Some pet owners are not aware that keeping a wolf or a wolf hybrid as a pet can be detrimental to their safety. Below is an insight on what to consider when you want to have a wolf or its hybrid as a pet. The information was adopted from an article by Dr. Karen Becker, March 27, 2013.

Wolf - Wolf Hybrid as Pets can be dangerous

Dr Becker’s article was interesting because it was sharing why it is not a good idea to keep a wolf or its hybrid as a pet. The point that stood out was their “genetic makeup”. Wolves are inherently wild and trying to tame them may have disastrous outcomes.

They are not sociable in the same way domestic dogs are. The way they develop from early age is different from the way domestic dogs do. And not being aware of this fact is why dog lovers make take it for granted that wolves can be kept as pets!

Evolutionary biologist Kathryn Lord of the University of Massachusetts Amherst, conducted a study on the differences of socialization development of young wolves and its puppy counterparts. The study showed that a wolf’s early “sensory” experience is different from that of a puppy in the first 4 weeks of it life. The first 4 weeks of either is very critical in its development especially how it understands its environment.

How Wolves And Dogs Differ In Their Socialization Habits At 2 to 4 Weeks

This study was conducted on young wolves and puppies of 2 to 7 weeks old. These two groups were put under the same conditions and introduced to familiar and new sights, sounds and smells. In this study both groups were able to smell at 2 weeks, hear sounds at 4 weeks and see things at 6 weeks. However they did not start to walk at the same time. The young wolves started walking and exploring their environment at 2 weeks. At this age they could only smell!

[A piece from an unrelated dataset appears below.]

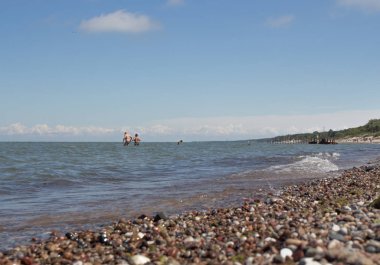 deniz plajında güzel taşlar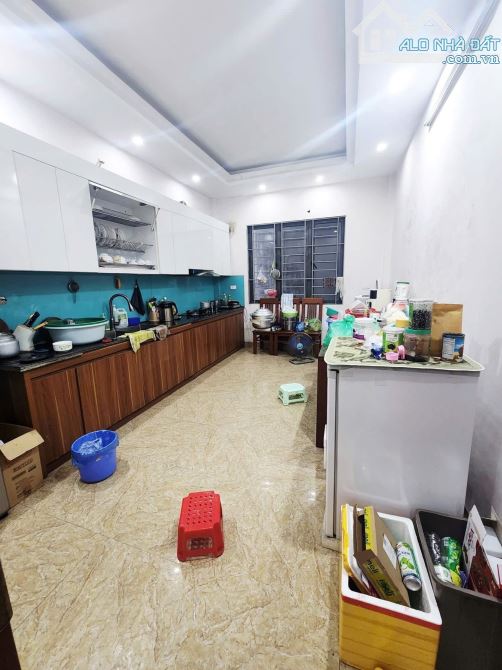 Phân lô oto Chùa Láng, cạnh hồ Láng, 2 thoáng, KCBT, cầu thang cuối 52m*5T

The young dogs started to walk at 4 weeks old, when they could smell and start to hear. This means the young wolves develop more of their socialization coping mechanisms than their counterparts in the same time period. This has a significant impact in the behavior of both species as they grow up. Lack of understanding this aspect may prove detrimental to wolf or hybrid wolf pet lovers.

Here is why the ability of the wolf pups to walk earlier than the dog puppies has so much bearing in their behavior – at 2 weeks old both groups were oblivious of their environment however the dog puppies could only move enough to nurse while their counterparts had a more significant advantage! They could stand, walk, climb and explore their environment and more importantly, in the process they are subjected to different stimuli and thus create a knowledge base and develop more senses. The advantage the dog puppies don’t have at this stage.

Lord goes on to explain; “When wolf pups first start to hear, they are frightened of the new sounds initially, and when they first start to see they are also initially afraid of new visual stimuli. As each sense engages, wolf pups experience a new round of sensory shocks that dog puppies do not.” Hence the difference in behavior and the wolves are more wild!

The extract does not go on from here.